- Information given:
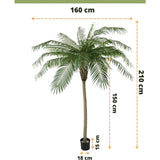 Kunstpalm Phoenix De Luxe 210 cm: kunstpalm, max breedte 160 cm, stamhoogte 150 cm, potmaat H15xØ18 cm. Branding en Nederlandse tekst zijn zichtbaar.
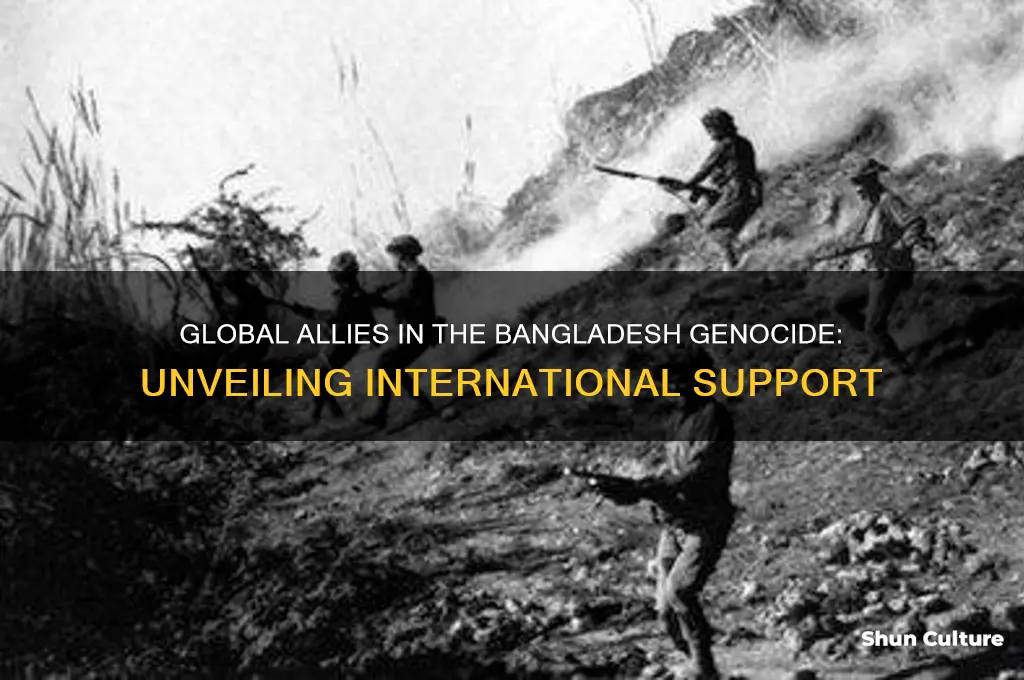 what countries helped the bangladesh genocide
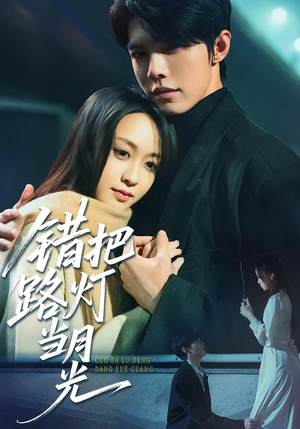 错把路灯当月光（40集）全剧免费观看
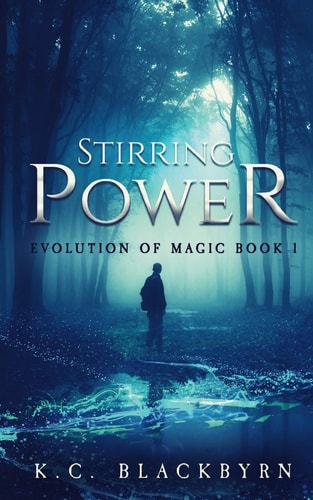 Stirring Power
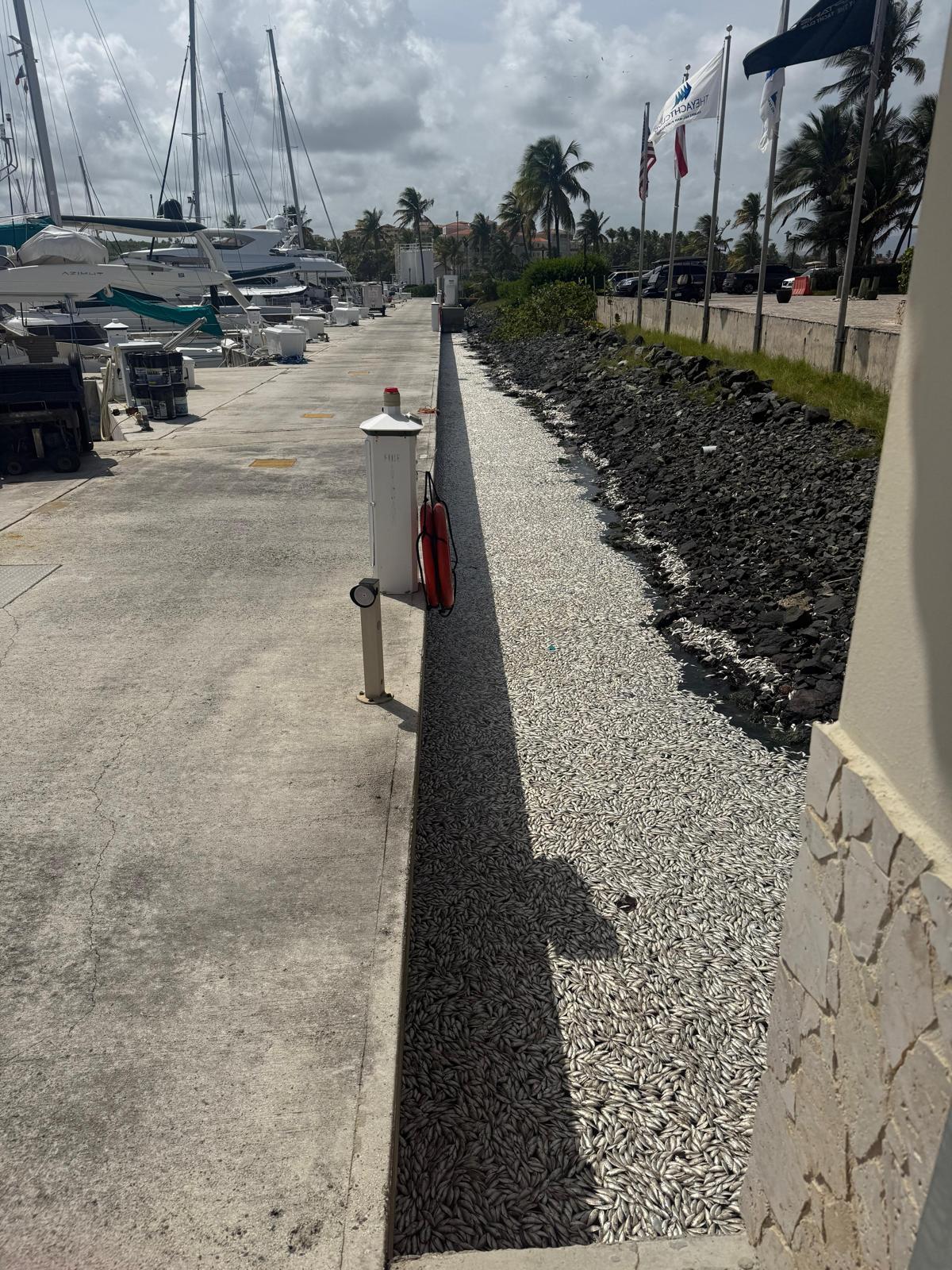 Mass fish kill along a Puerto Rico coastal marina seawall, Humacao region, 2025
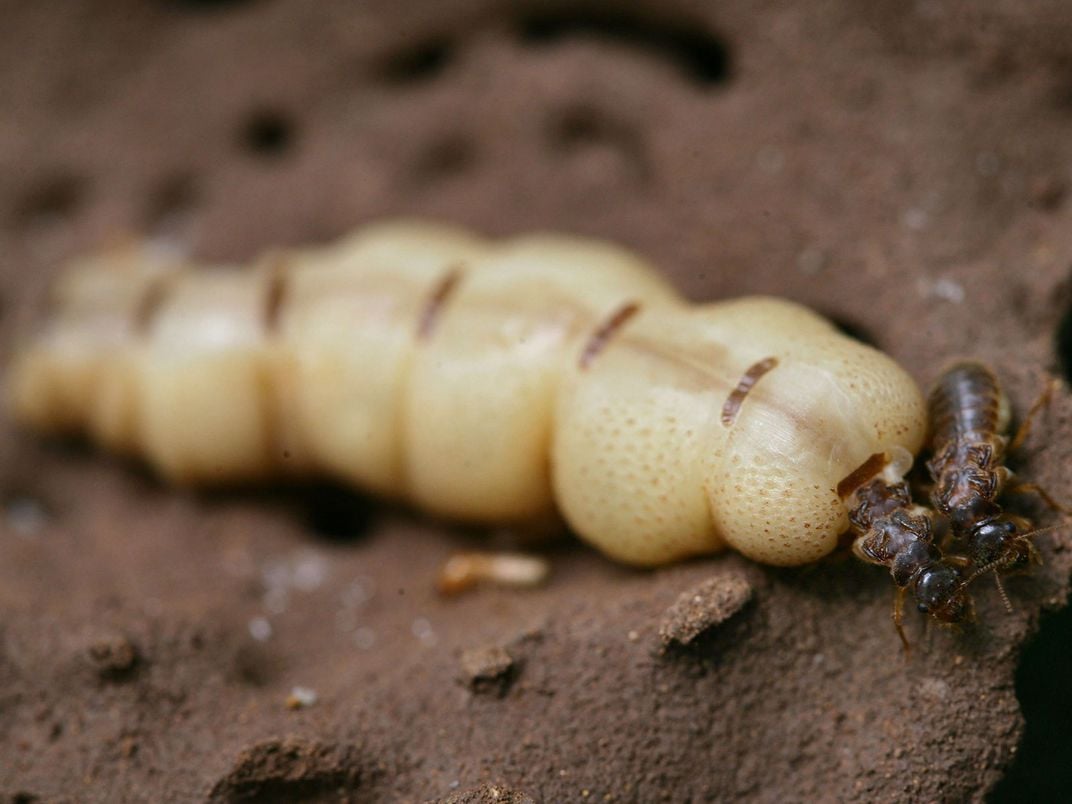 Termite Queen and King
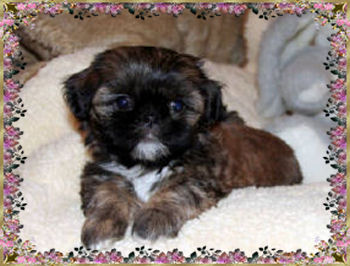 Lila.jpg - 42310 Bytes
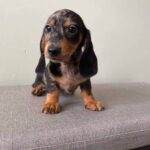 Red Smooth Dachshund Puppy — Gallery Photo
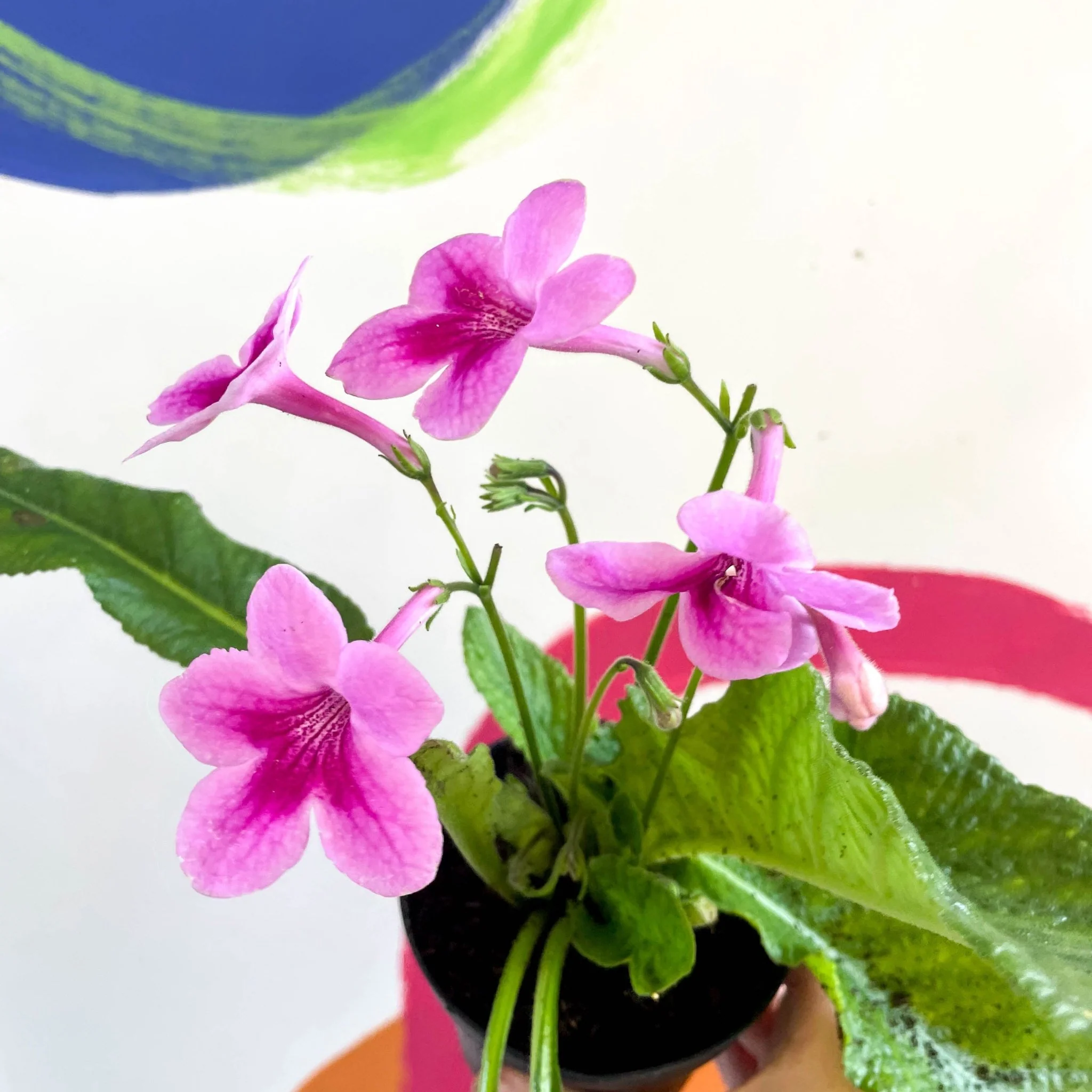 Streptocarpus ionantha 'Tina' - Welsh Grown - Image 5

- The problem: Every line from the one containing "错把路灯当月光（40集）全剧免费观看" through the end of the entries above, both included, should be extracted exactly, with pictures left out.

- Answer box:
 错把路灯当月光（40集）全剧免费观看
 Stirring Power
 Mass fish kill along a Puerto Rico coastal marina seawall, Humacao region, 2025
 Termite Queen and King
 Lila.jpg - 42310 Bytes
 Red Smooth Dachshund Puppy — Gallery Photo
 Streptocarpus ionantha 'Tina' - Welsh Grown - Image 5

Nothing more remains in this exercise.